It seems fated that horror legends Peter Cushing, Sir Christopher Lee, and Vincent Price share near the same birthdays: Cushing on May 26, and Lee and Price on May 27, even if not the same year. In the hearts and minds of most horror fans, they are three of the most important actors of the genre. All three had acting careers spanning from the 40’s to present, even after their deaths. A look at Lee’s IMDB page still lists him as having voice credit in projects as recent as this year. Peter Cushing had the dubious honor of being resurrected, through CGI, as his STAR WARS character Grand Moff Tarkin in 2016’s ROGUE ONE. Personally, I could have done without that one.
Starting in the 50’s, all three became essential parts in the revitalization of the horror genre after the Universal monster era. Lee and Cushing helped create the movie production powerhouse that was Hammer Studios by recreating the Universal monsters Dracula, Frankenstein, and The Mummy in lurid color and expanding that universe. Price teamed up with director Roger Corman and reimagined the writings of Poe and Lovecraft for a modern audience. They all springboarded into other projects, creating their own immortal characters such as Lee’s Lord Summerisle, Cushing’s Grimsdyke, and Price’s Dr. Phibes, among others.
Lee and Cushing, of course, acted together many times as adversaries in the Hammer films, as well as other projects. Both men also had projects with Price, but the three only appeared together in two films, SCREAM AND SCREAM AGAIN (1970) and HOUSE OF THE LONG SHADOWS (1983). Only in HOUSE OF THE LONG SHADOWS do the three interact with each other.

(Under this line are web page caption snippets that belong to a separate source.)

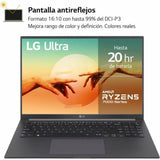 Laptop LG 16UD70R-G.AX56B-2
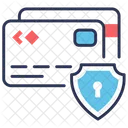 Card Protection  Icon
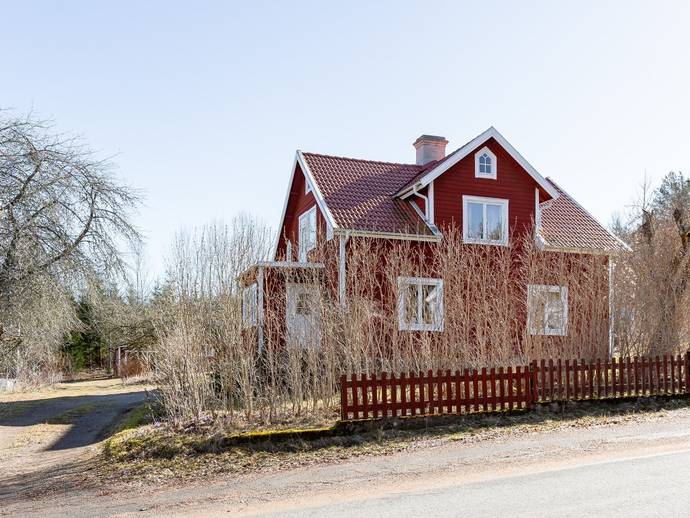 6 rok · 138 m² · Brunnsvägen 47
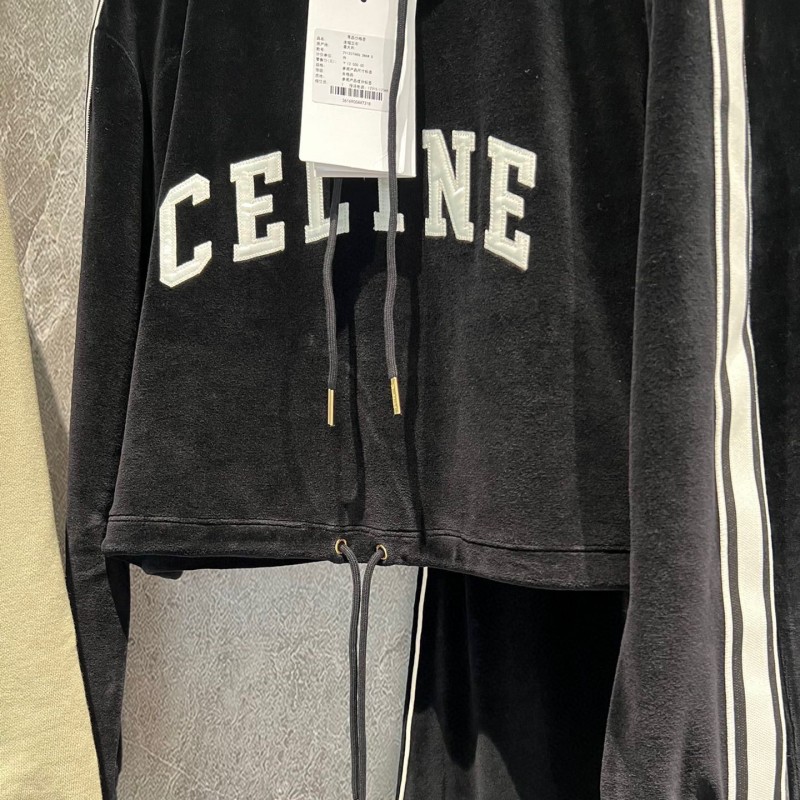 Celine Hoodie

SCREAM AND SCREAM AGAIN, directed by Gordon Hessler and adapted by Christopher Wicking, is a strange jangle of a film. A Nazi-like military cult is creating super-human beings running amok in London, and young girls are turning up bloodless and mutilated. Unfortunately, Cushing, one of the cult Commanders, is killed off early. Lee plays a government official who only really shows up at the end. It is a Price film, with him playing a terribly misguided mad doctor creating a Super Race. It is a typical 70’s Brit film, complete with a mod rock band, The Amen Corner, singing the theme song. Over and over. The best part of the movie is the end, as Lee drowns Price in a vat of acid, using only his signature demonic glare.

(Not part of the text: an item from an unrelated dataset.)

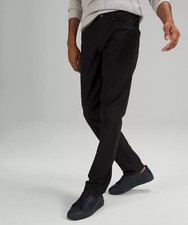 Lululemon Men's ABC Pant Utilitech 33x34 picture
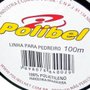 Linha para Pedreiro Rolo com 100m - Polibel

HOUSE OF THE LONG SHADOWS, which also stars John Carradine, is a showcase for Lee, Cushing, and Price. It was directed by Pete Walker and adapted by Michael Armstrong. Desi Arnaz, Jr. is a jaded writer who makes a bet with his publisher that he can churn out an epic novel like WUTHERING HEIGHTS in a mere 24 hours. He spends the night in an old Welsh manor that is supposed to be deserted, only to find himself caught up in a mystery with an eccentric group of characters.

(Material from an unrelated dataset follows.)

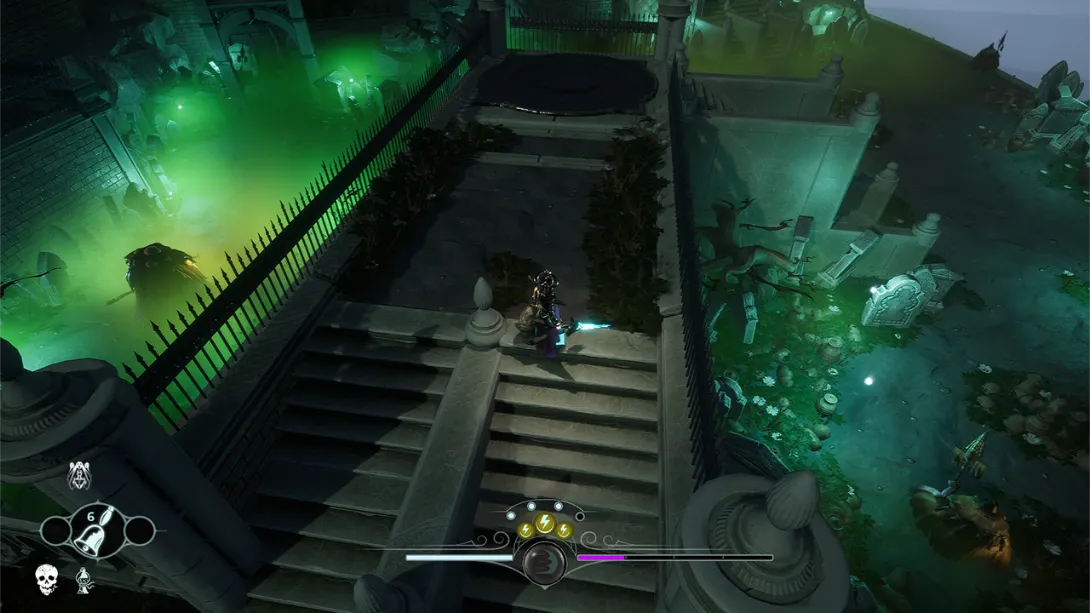 图片[4]-【美版】奥拉之沙 .Sands of Aura-游糖YoTeb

Cushing, Price, and Lee all make entrances that reflect each of their own particular images. Peter Cushing is the soft-spoken country gentleman. He was often the beleaguered defender of Good against Evil, or he was the tormented seeker of forbidden knowledge. He always seemed to have a fragility and reticence unlike the other two. There seemed an underlying current of nervous energy in Cushing’s characters. He was the Knight.
Vincent Price makes his entrance as the over-the-top stage actor persona he was best known for. He even admonishes Arnaz, “Don’t interrupt me while I’m soliloquizing.” Price was the Jester of Horror. He had the unique gift of mixing theater, horror and comedy. He could make jokes while torturing you to death. The only thing missing in this film is his smoking jacket.
Christopher Lee is the Dark Prince. He carried himself with a natural sense of royalty. He swoops in with his cape and even though he isn’t playing Dracula, he has an ominous charm that draws us in as it terrifies us. He was the magnetic pull of every scene but also a generous actor who knew how to create space with his fellow actors.
The ending of HOUSE OF THE LONG SHADOWS reveals the mystery to be an elaborate hoax orchestrated by the publisher on Arnaz with the help of a group of actors. During a party scene, the three greats joke together and it comes across that they had genuine respect and affection for each other. Cushing, Price and Lee weren’t just great actors, they each led fascinating lives off screen and that depth of character magnified every role they played.